- **Caption-style text data**
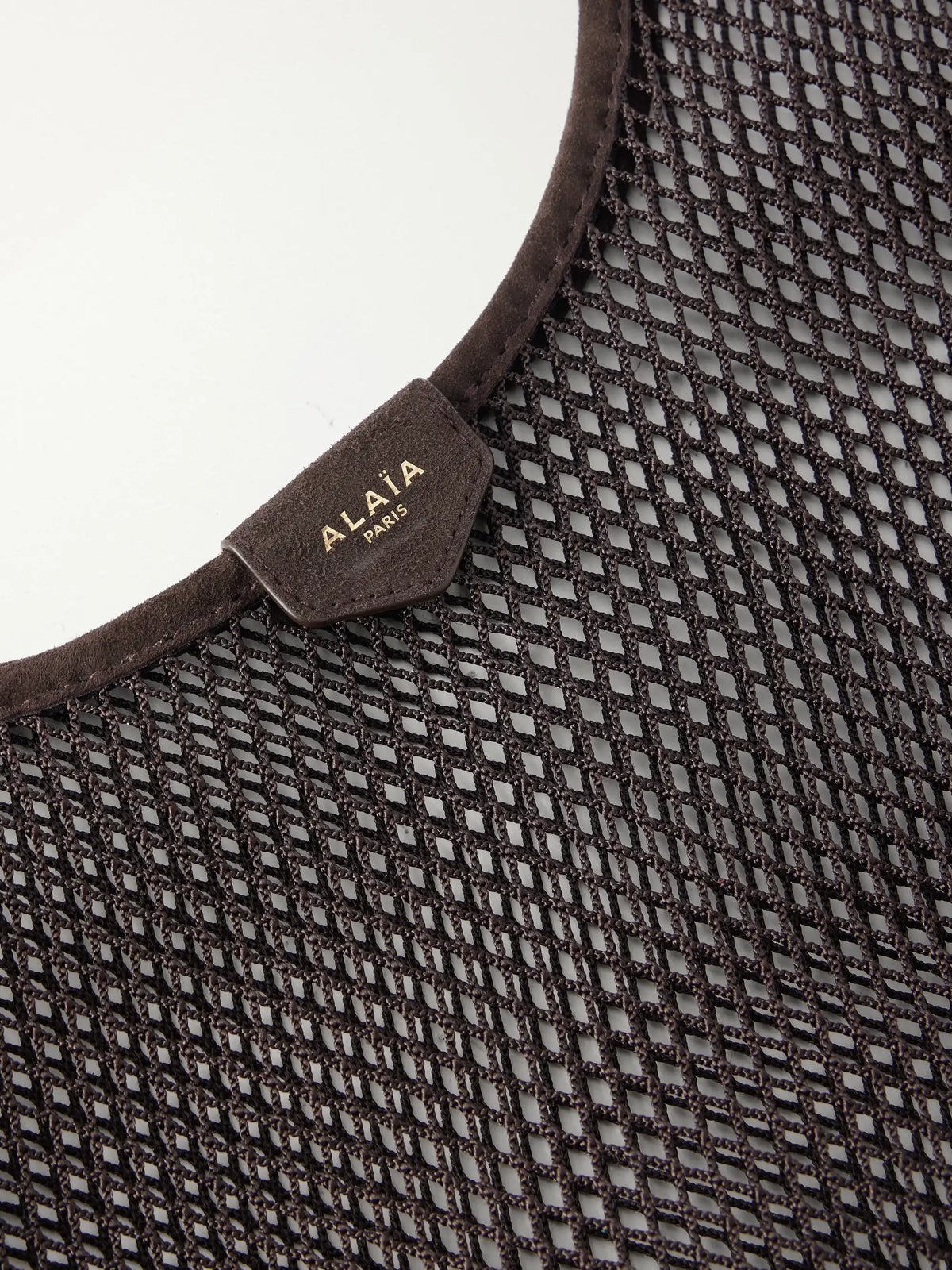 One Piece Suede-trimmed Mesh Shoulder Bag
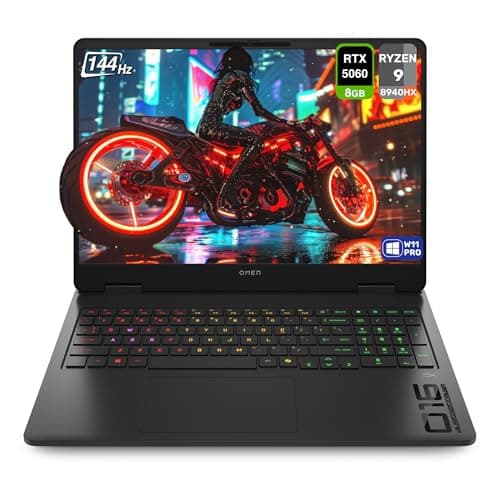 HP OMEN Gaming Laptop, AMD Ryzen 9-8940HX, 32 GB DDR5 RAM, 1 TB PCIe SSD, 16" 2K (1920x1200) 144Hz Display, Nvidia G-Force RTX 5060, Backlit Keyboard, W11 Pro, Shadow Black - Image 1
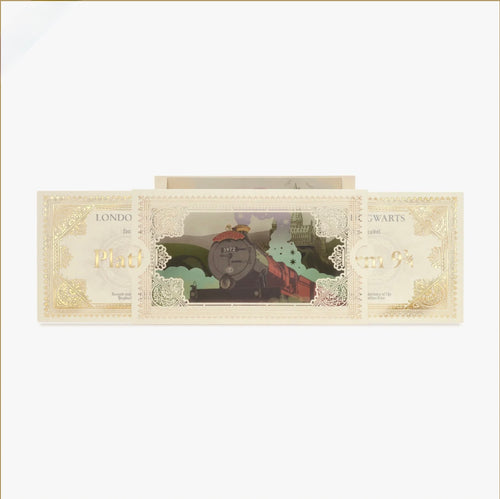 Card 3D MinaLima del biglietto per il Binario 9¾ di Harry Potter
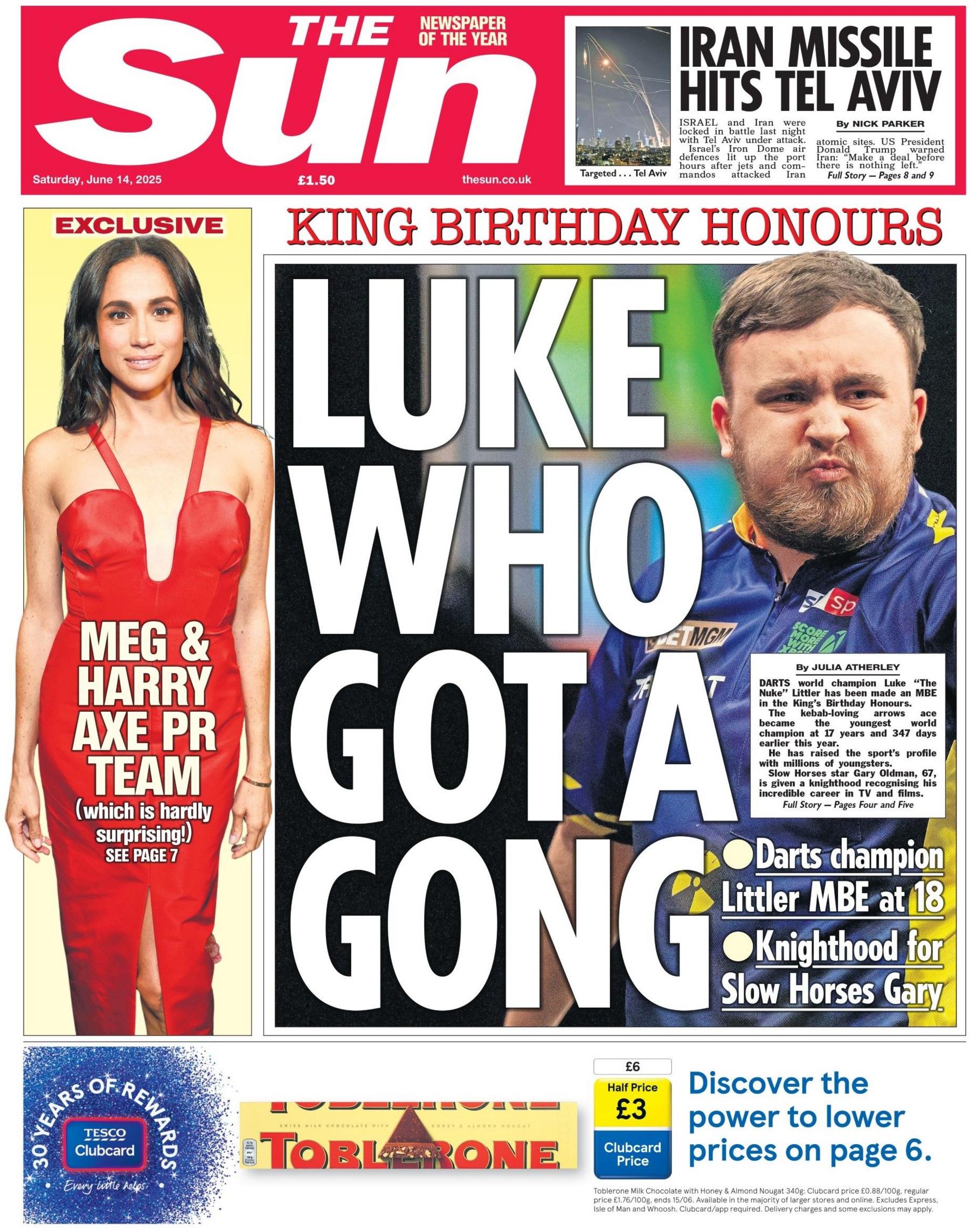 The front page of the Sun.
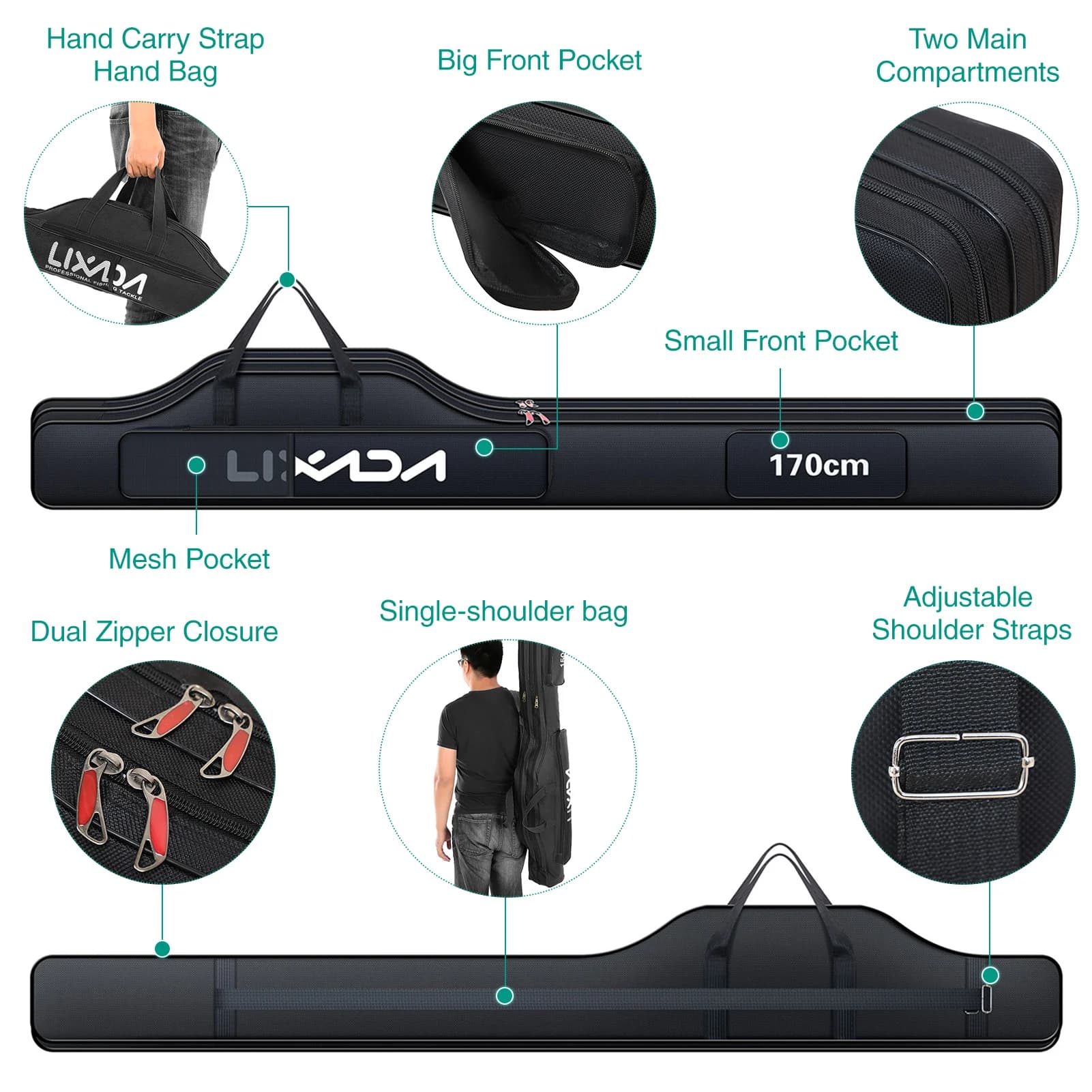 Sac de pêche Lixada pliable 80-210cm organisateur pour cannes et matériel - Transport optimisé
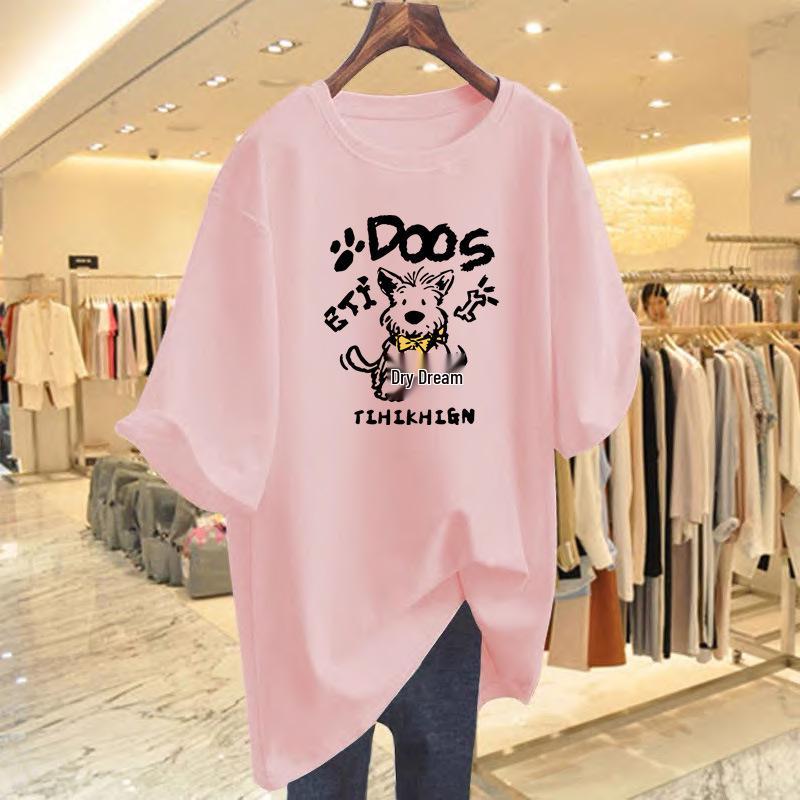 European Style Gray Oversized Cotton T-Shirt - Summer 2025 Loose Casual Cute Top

- **WORK INSTRUCTION**
An exact copy is required of the lines from the start of the records above through the line with "Sac de pêche", and only those, without any pictures.

- **ANSWER SECTION**
 One Piece Suede-trimmed Mesh Shoulder Bag
 HP OMEN Gaming Laptop, AMD Ryzen 9-8940HX, 32 GB DDR5 RAM, 1 TB PCIe SSD, 16" 2K (1920x1200) 144Hz Display, Nvidia G-Force RTX 5060, Backlit Keyboard, W11 Pro, Shadow Black - Image 1
 Card 3D MinaLima del biglietto per il Binario 9¾ di Harry Potter
 The front page of the Sun.
 Sac de pêche Lixada pliable 80-210cm organisateur pour cannes et matériel - Transport optimisé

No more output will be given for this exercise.